STROLLING through the wonderful County Wildlife Site alongside Lime Kiln Way in Harnham at the weekend, it was heartbreaking to think that a swathe of it might soon disappear under concrete.

The doctors who want to build a whopping great three-storey surgery there, with 250 parking spaces, are confident that they can ‘translocate’ any creatures rendered homeless.

I wonder whether they realise what they’re committing themselves to in terms of time, expertise and money.

This peaceful plot accommodates breeding yellowhammers and linnets, both ‘red list’ endangered species.

Other birds found there include endangered corn buntings as well as common and lesser whitethroat.

It boasts 17 types of butterfly, two kinds of orchid, and some ecologically important anthills.

According to the British Trust for Ornithology, breeding farmland bird numbers have plummeted by 54 per cent since 1970. And according to the Lawton Report – an official review, welcomed by the government and now guiding the thinking of organisations such as the National Trust – what we need are bigger, better, and more joined up wildlife areas.

In other words, we don’t need to be nibbling away at the edges of the ones we already have.
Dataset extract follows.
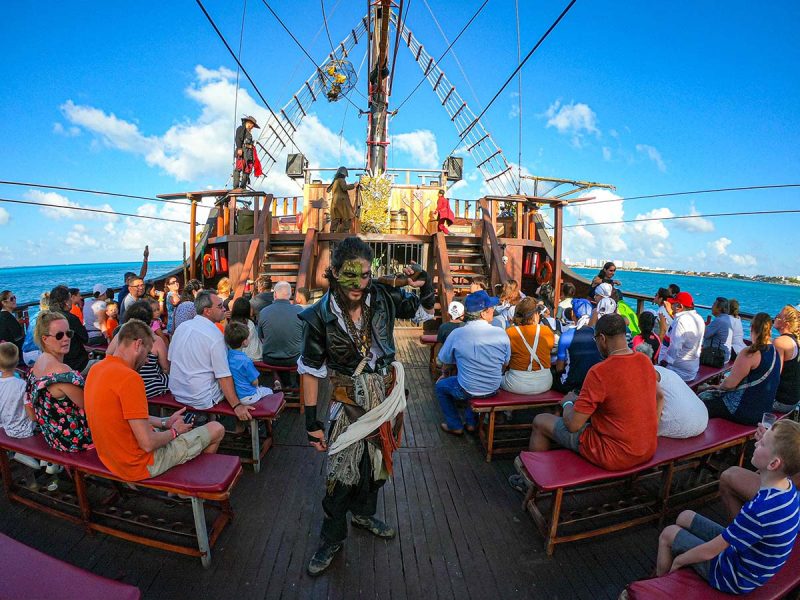 BARCO PIRATA JOLLY ROGER DELUXE (CANCÚN, MÉXICO)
As the GPs see it, all they’re asking for is somewhere to provide a piece of essential infrastructure for a city that looks set to expand ad infinitum.

I accept that they don’t feel they have much choice, because no private owner will flog them any land.
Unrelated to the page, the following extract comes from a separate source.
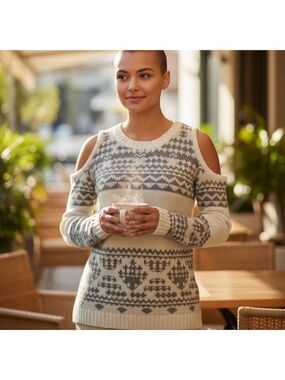 Oh MG! Women’s Cold Shoulder Sweater, M, White/Gray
All the green spaces encircling our city appear to be in the hands of individuals licking their lips in anticipation of planning permission for lucrative high-density housing estates. Perhaps this is a point at which Wiltshire Council, our planning authority with responsibility for public health, could get involved? It’s always looking for existence-justifying things to poke its nose into, such as trying to sabotage the successful merger between the Wiltshire and Dorset fire services.

Here’s one way it could make itself genuinely useful – by facilitating the search for a less sensitive site, perhaps one of the vacant plots it has designated for employment use.

Come to think of it, Lime Kiln Way is so close to the hospital that the GPs might as well move right out there. It’s equally accessible by car or bus. Unless they really meant it when they said the hospital might close.

I’ll finish up with a sobering fact taken from the State of Nature report, a sort of stocktake of wildlife, issued last week by 53 leading conservation bodies.

A tenth of all British species of wildlife are in danger of extinction.

Intensive farming, urbanisation and climate change have all wrought incalculable damage and are continuing to do so.

The blessed Sir David Attenborough prefaced the report by saying: “The natural world is in serious trouble and it needs our help as never before. We continue to lose the precious wildlife that enriches our lives and is essential to the health and wellbeing of those who live in the UK.”

Health and wellbeing. Isn’t that what all this is about?